Amateur stormdealers and drug lords weren’t even bothering to hide here. Every second corner had sellers lingering on the streets. Customers swapping cards filled with Commoner-credits for sealed bags. Grimy drug-dens and distribution centres sat out in the open in alleyways, the chemical reek spreading like fog, their presence fused to the infrastructure like cancer clinging to the bone. If you worked out in the open, you were either stupid, or knew there was no chance of getting caught, because you owned the floor. I’d missed the warning in my shib alerting me that I was in dangerous, controlled territory. I’d probably already been spotted. Just as well I was fully suited up in my armour again. If they wanted to take me on, they’d have one hell of a time.

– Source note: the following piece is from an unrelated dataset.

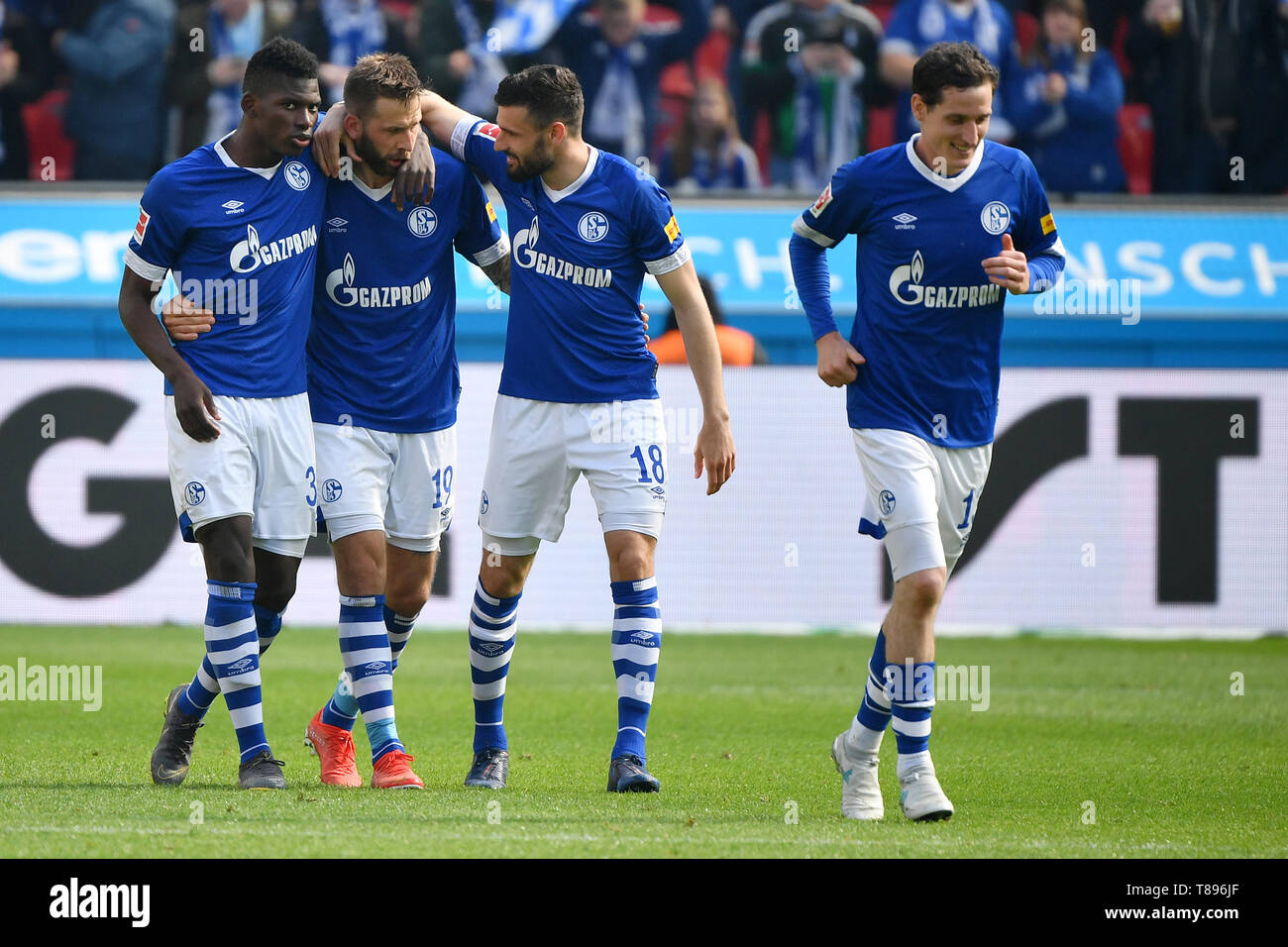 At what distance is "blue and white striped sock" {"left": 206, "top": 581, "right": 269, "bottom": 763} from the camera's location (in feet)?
18.6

My palmerlog chimed, a message from Kowalski growing in blue text across my overlay. Scattered water droplets punched through the visualisation. I was afraid she had another Reaper death for me, but she was just fishing for an update. I replied I’d examined the body and would keep her informed on any leads I followed up. Mentioning the fight would only invite questions, and I wanted to take all factors into account before I made a move.